The greater metro area has been preparing all weekend for the ice storm forecasted to hit Sunday night. The city of Omaha’s salt trucks were out Sunday afternoon. Sarpy County Public Works hit the streets around 12:30 pm, when the rain began.
Drivers at Sapp Brothers coming from the west on I-80 bore the signs of what was in store for Sarpy County.
“We're ready to roll and we’ll be here if anyone needs us,” said Fred Uhe, community and government relations director for Sarpy County. He said that they have had a plan in place since Friday afternoon.
“911 center I know is fully staffed. Public works actually their crew will be coming in shortly at noon today to start salting and sanding bridges and intersections,” said Uhe.
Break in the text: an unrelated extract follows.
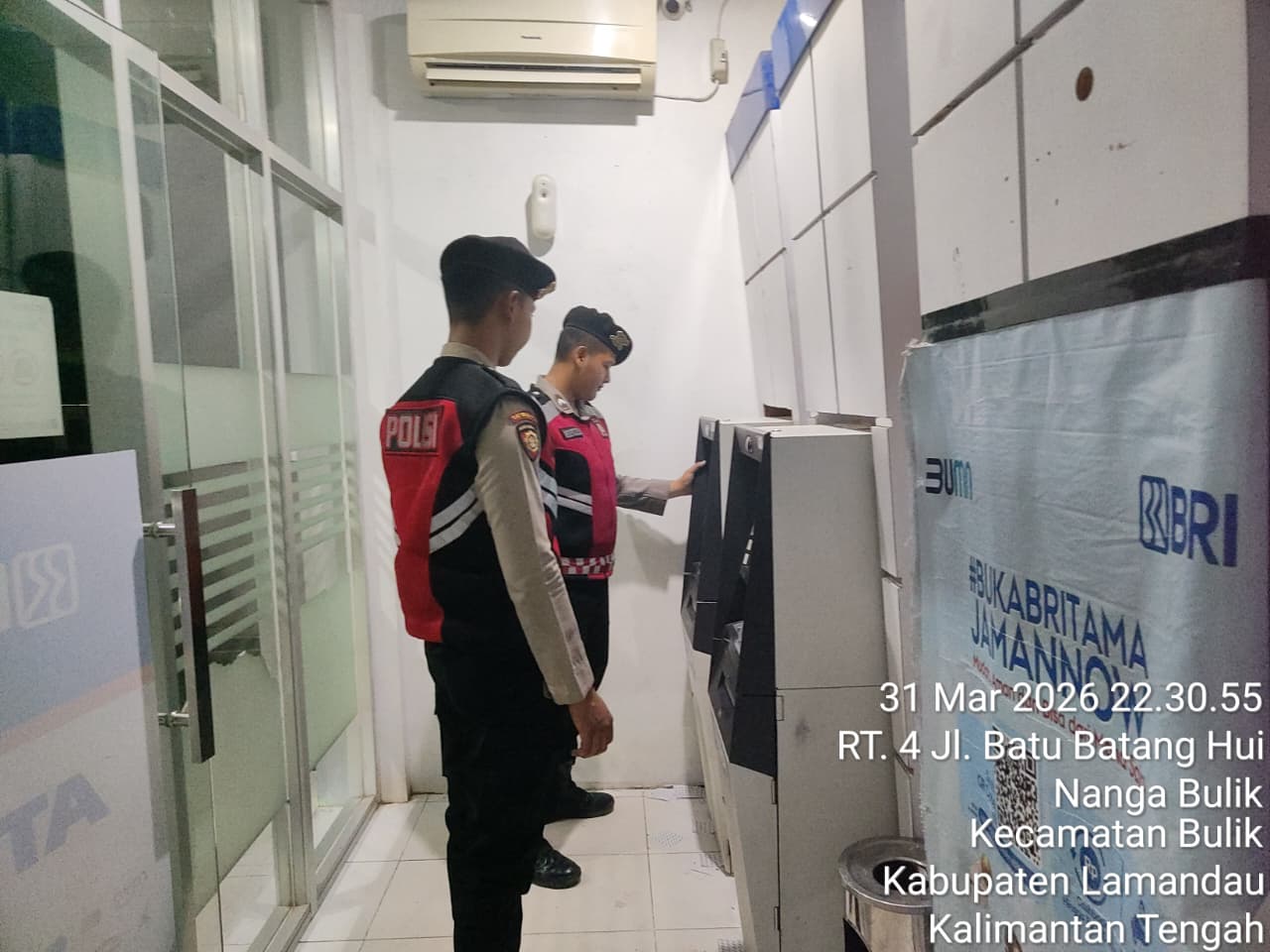 Piket Samapta melaksanakan Patroli di Objek-objek Vital Bank ATM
Crews started laying down a 2 to 1 salt and sand mixture just before the rain started around 12:30 pm on Sunday.
Douglas County pretreated Friday afternoon with brine and will start laying down salt as soon as the freezing rain comes.
“With ice and freezing rain, it’s everywhere, immediately slippery, at once,” said street maintenance engineer Austin Rowser.
While the Command Centers were not opened prior to the storm, Uhe says Sarpy County is ready in case it comes to that.
“Our generators are gassed up, ready to roll in case there’s any power outage. So pretty prepared for any potential whatever this incident may bring,” said Uhe.
And since the storm will last well into the night and Monday morning, crews are on hand for any potential danger.
“They are actually scheduled to have a crew out at 3 AM with motor graters to kind of chop up the ice… Also, with the streets being extremely icy, the response times for police and fire and first responders will be a little bit slower... So, we are encouraging everyone to stay home.”
Uhe also said that the three-day weekend is helping their efforts, “The advantage of this storm hitting on a Martin Luther King holiday, is beneficial because some of the schools are closed, the courthouse is closed. So, the strain on the power and resources will be much less.”
Drivers along I-80, like Henry Martin of Georgia, may be forced to bunker down for the night.
“Probably stay in our trucks. If it gets real too bad, sometimes the company will put you in a hotel room.” said Martin.
He’s glad to have Sapp Brothers to stay at for the time being.
“I’m thankful. TV room, nice restaurant, bathroom, shower, laundry facility, everything,” said Martin.
Still, the Georgia native isn’t too keen on the Nebraska weather.
“I don’t see how y'all live with it; it is just too darn cold,” he laughed.